Antigua PM calls for urgent talks on CMC closure
Mitchell offers support
Stabroek News
January 9, 2002

Antigua and Barbuda's Prime Minister Lester Bird has issued a call for a CARICOM meeting on the closure of the Caribbean Media Corporation (CMC) and has offered his country as the venue for the caucus.

He also proposed that the CMC situation be placed on the agenda of the impending CARICOM Bureau meeting, a press release from Bird's office yesterday stated.

And Prime Minister of Grenada Dr Keith Mitchell expressed surprise at the sudden suspension of CMC's operations and wants to "do anything I can to help with getting it back in operation," a CMC press release issued yesterday said.

The CARICOM Bureau comprises three heads of government and the Secretary-General and is scheduled to meet in a few days. The current members are Prime Minister Hubert Ingraham of the Bahamas, Prime Minister Said Musa of Belize, and President Bharrat Jagdeo of Guyana.
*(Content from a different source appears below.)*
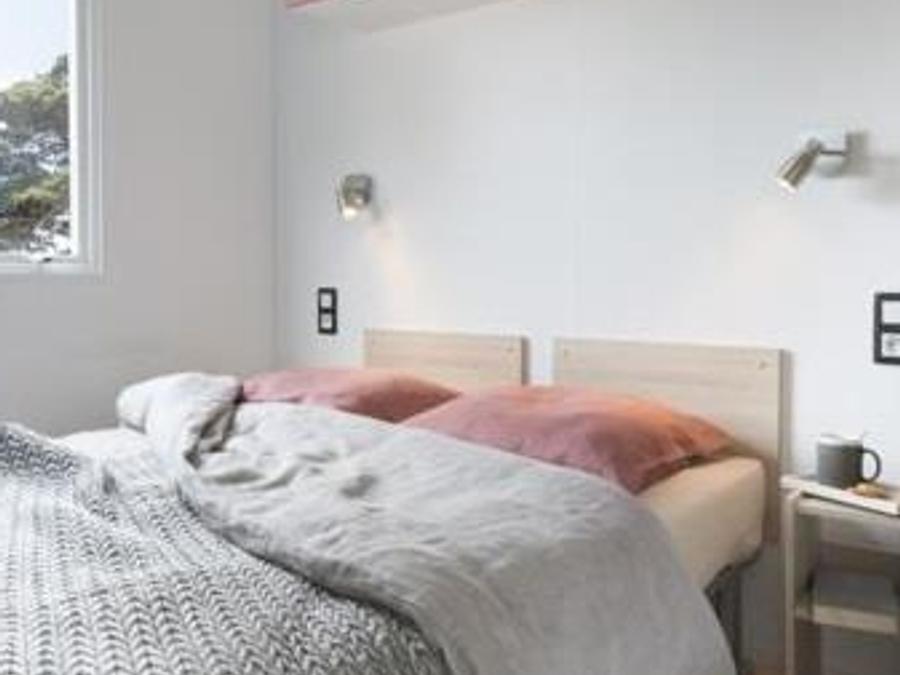 Mobilhome 4 personnes - Premium ALLAGNON - 2 chambres 6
In his letter to the Secretary-General, which was copied to all CARICOM heads of government, Bird said: "As we are moving towards the solidifying of the single market and economy (SME) in CARICOM, it is unsatisfactory that the region should lose the means of informing each member state about the developments in the other. The SME would suffer considerably from this loss, as indeed would the entire process of regional integration which has benefited immeasurably from the daily flow of information provided by CANA, the CBU and the merged CMC."

Bird proposed the urgent convening of the ministers of information of CARICOM and/or representatives of heads of government, where the heads are also information ministers.
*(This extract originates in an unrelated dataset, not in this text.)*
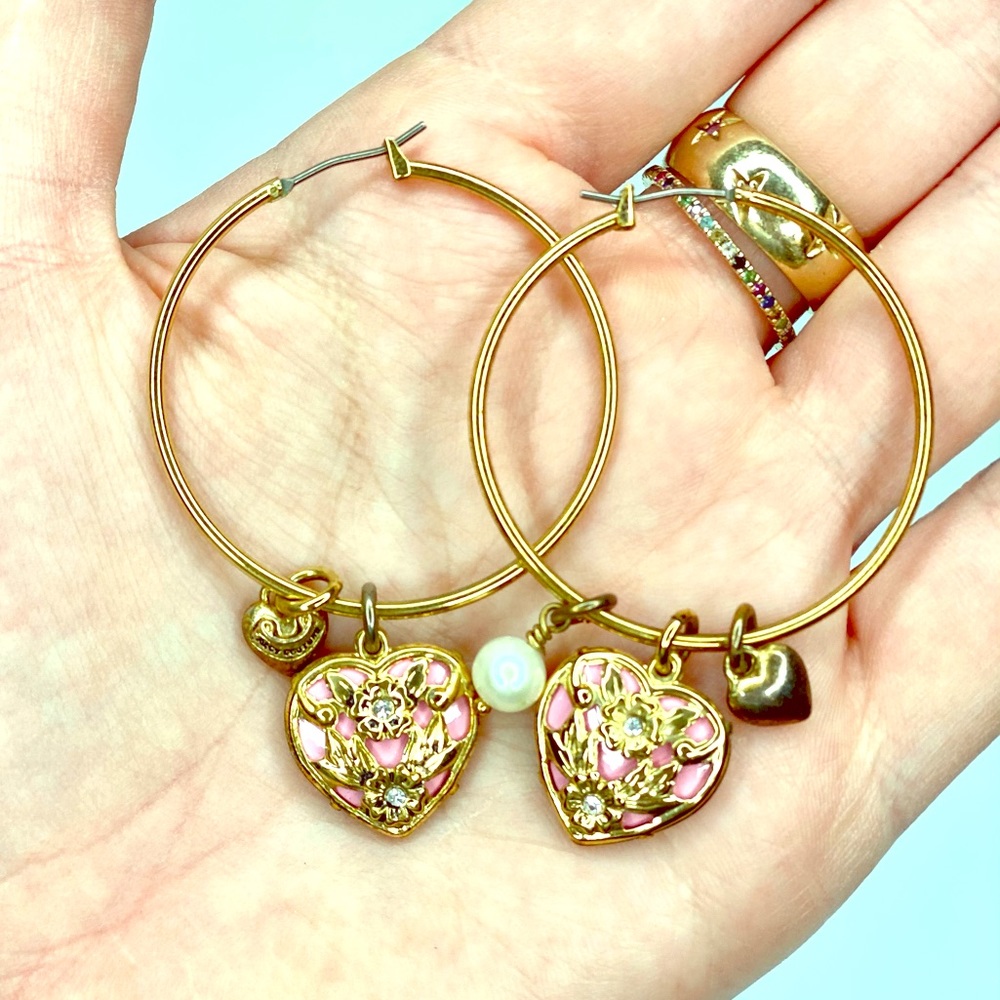 Juicy Couture Charm Earrings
The meeting would consider appropriate measures either to resuscitate the CMC or replace it with another organisation that would provide information and analysis about events in the region.

The Antiguan Prime Minister asked that the bureau endorse his proposal for a meeting on CMC.

The CMC release said the organisation has written to the Grenadian Prime Minister, who is also the information minister, saying it was keen to have an urgent opportunity to explain the situation and what it would take to have the CMC return to full operation.

In a letter from CMC's Chief Operating Officer, Gary Allen, to Prime Minister Mitchell, the organisation said it welcomed the offer of support. According to the release, Dr Mitchell said other information ministers had been in touch with him about an urgent meeting to consider the matter, and he had been supportive of this move.

The CMC explained to the Grenadian Prime Minister that the sudden closure of the agency CMC was not the way it was intended to have been handled. It was pointed out, however, that "when speculation heightened and rumours started to spread about a closure, the board and the management determined that immediate closure was best," the release stated.

CMC announced the temporary suspension of its operations for restructuring last Friday. Fifty of the 54 members of staff of the organisation were laid off.

CMC is a merger of the Caribbean News Agency and the Caribbean Broadcasting Union, which, for the past 17 months, has been the region's only multi-media entity (print, radio, television and internet).